Pour moi, elle racontait une histoire : la renaissance de la végétation après un incendie de forêt.
À la fois techniquement réussie et chargée de sens, cette image méritait autre chose qu’un simple fichier numérique. Si je voulais réellement transmettre cette émotion, il fallait faire ce que l’on faisait autrefois avec les photos importantes : l’imprimer.
Du fichier à l’objet
J’ai commencé par réaliser quelques tests d’impression à la maison, en petit format. J’ai retravaillé les couleurs, les contrastes, la saturation. Petit à petit, l’image a commencé à prendre une autre dimension.

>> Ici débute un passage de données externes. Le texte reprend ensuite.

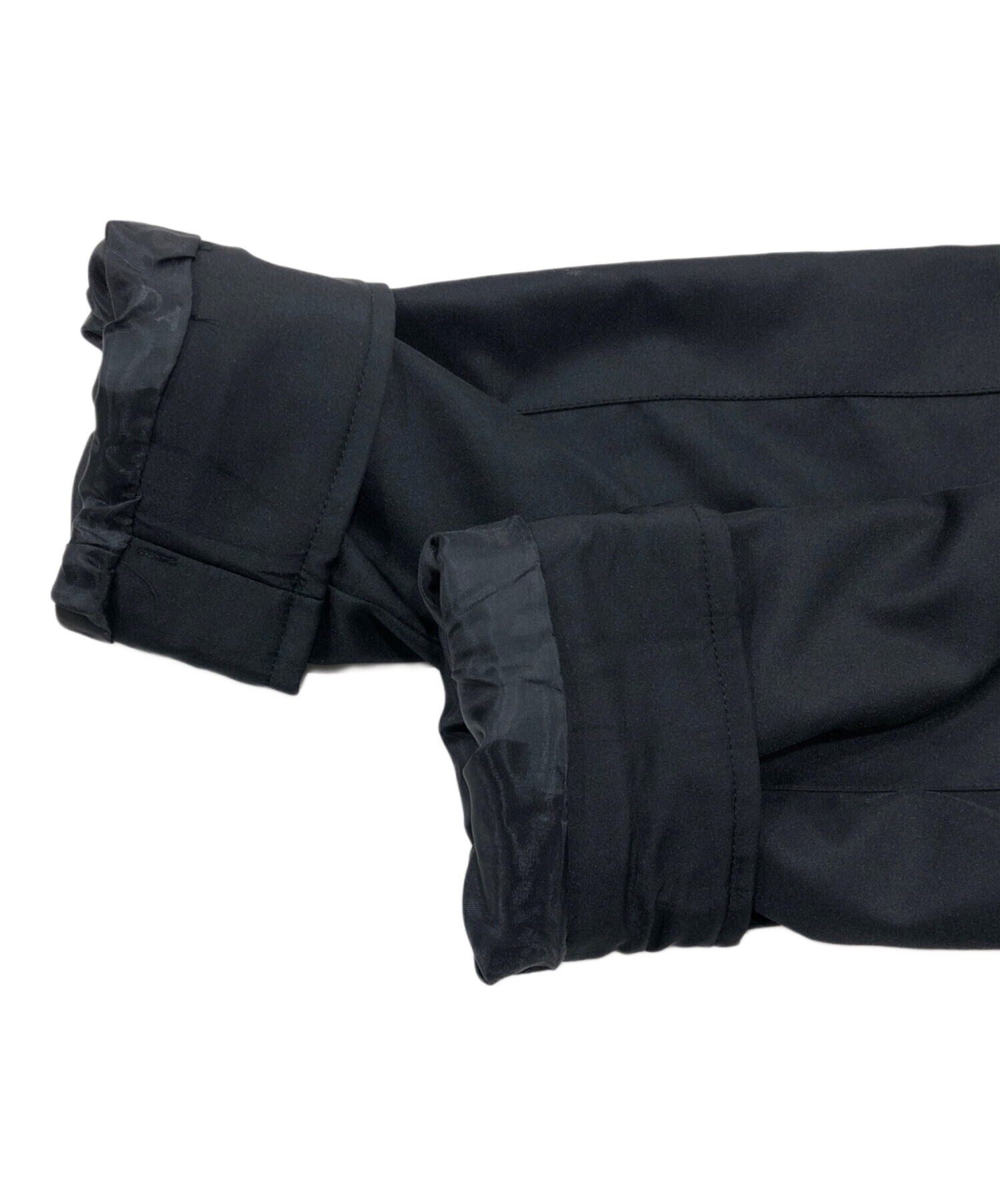 中古・古着通販】PRADA SPORTS (プラダスポーツ) ナイロンスタンド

Ce qui n’était qu’une illusion rétroéclairée sur un écran est devenu un objet réel. Une image que l’on peut tenir entre ses mains, observer sous différentes lumières, sous différents angles. À chaque regard apparaissaient de nouveaux détails… et parfois de nouveaux défauts. Mais c’est aussi cela qui rend l’expérience intéressante.
L’importance du papier
Je vous épargne les différentes étapes de choix du format, du laboratoire ou des papiers. Mais une chose m’a frappé : le papier influence énormément le rendu final.
À la maison, j’avais utilisé un papier photo mat classique, assez lisse. Lorsque j’ai essayé des papiers texturés, l’image a immédiatement pris une nouvelle dimension. Le grain du papier apportait du relief. Les nervures de la fougère semblaient presque surgir de l’image.

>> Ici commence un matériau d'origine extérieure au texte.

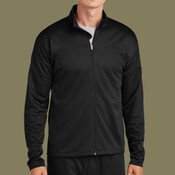 Travel Full Zip Jacket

Comme par magie, l’émotion que j’avais ressentie au moment de la prise de vue revenait. Et, soyons honnêtes, un peu de fierté aussi.
Une nouvelle façon de regarder ses images
L’impression permet de partager une photographie d’une manière bien différente d’un écran. Mais elle m’a aussi apporté quelque chose d’inattendu : un outil pour progresser.
En imprimant mes images en petit format pour les étudier, j’ai découvert de nombreux détails que je n’avais jamais remarqués à l’écran. Des problèmes de composition, des erreurs de développement, des éléments perturbateurs dans l’image.
L’impression oblige à regarder la photographie autrement.
Je vous ai déjà parlé de l’importance d’étudier ses images pour progresser. Si vous avez franchi cette étape, il en existe une autre : l’impression.
Croyez-moi : elle peut transformer votre expérience photographique.